We entered through the narrow alleyway and into the main room. After visiting Sidi Ali al Jamal in Fez I was again struck by the simplicity of the Darqawi Zawia’s in comparison with the opulence of some of the more famous Sufi orders. The space was empty except for an old man seated by the foot of Sheikh Muhammad ibn al Habib’s grave. We gave salams and as poor Zeph was still feeling sick we asked if we could use the bathroom. The old man who was both blind and deaf led us to the door and unlocked it for us.
A little later we sat down on a majlis area and Zeph fell asleep.
The old man started reciting from the Diwan of Sheikh Muhammad ibn al Habib.
This is a very special place.
Later Zeph woke and it was time to pray maghrib. The old man made the call to prayer and a younger man who obviously loved him very much joined him. We prayed with them and then Zeph asked to go home.
I really longed to know who the man was, to know his name. The whole experience had been wonderful. Because I am not connected to any groups where there is an actual physical presence between teacher and student these kinds of events are enormously significant to me. They are impossible to write about and there is no need really other than as a marker of gratitude and a means of recording details for later times when the memories may not be as clear.

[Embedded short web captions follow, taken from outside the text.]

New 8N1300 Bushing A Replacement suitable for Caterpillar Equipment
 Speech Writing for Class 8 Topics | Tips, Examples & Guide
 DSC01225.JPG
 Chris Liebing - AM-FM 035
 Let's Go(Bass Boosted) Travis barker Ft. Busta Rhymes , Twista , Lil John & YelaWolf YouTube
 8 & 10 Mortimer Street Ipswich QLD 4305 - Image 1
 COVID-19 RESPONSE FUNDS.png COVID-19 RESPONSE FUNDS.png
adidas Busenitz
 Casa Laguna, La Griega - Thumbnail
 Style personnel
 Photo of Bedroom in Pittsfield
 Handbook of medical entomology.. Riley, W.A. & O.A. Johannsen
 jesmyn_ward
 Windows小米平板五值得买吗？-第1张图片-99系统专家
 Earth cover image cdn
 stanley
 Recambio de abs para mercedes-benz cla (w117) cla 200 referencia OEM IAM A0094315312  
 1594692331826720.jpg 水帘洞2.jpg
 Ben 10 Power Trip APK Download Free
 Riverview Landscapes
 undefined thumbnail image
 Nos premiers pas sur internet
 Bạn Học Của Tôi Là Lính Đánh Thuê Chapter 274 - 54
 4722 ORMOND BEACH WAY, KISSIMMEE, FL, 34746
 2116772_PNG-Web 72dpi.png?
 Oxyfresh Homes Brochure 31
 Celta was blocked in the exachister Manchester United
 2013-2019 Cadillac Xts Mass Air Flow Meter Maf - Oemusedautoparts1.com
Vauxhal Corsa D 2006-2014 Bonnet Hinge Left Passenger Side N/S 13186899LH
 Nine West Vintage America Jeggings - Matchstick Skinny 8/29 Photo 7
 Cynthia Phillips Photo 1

Later back in Australia and scrolling through Facebook I suddenly saw a photograph of the old man and I was delighted to find out his name.
From Signs on the Horizons (THE CARETAKER)
I first met Sidi Ali in 1973 and heard this story from his lips. He was living in the zawiya, helping Sidi l’Ayyashi to take care of the premises. When Sidi l’Ayyashi passed away during the 1980s, Sidi Ali became the guardian of the zawiya. Completely illiterate, he has memorized large parts of the Qur’an and the entirety of the Diwan of Mohamed ibn Al Habib in addition to many Prophetic traditions, wisdom sayings and odes from the Sufis. He’s now totally blind and mostly deaf. He carries a card from the Moroccan government certifying that he is officially indigent (miskeen) that entitles him to beg, which he sometimes does when the guests in the zawiya need to be fed and there is no money. He flashes this card with a mischievous laugh. When I saw him in 1981, he told me proudly and with a chuckle, as if he had achieved the impossible, “You know, I got married.”
I don’t have permission to post the photograph but it doesn’t matter because not so long after this I finally purchased a copy of The Meaning of Man and there amongst the photographs he was again.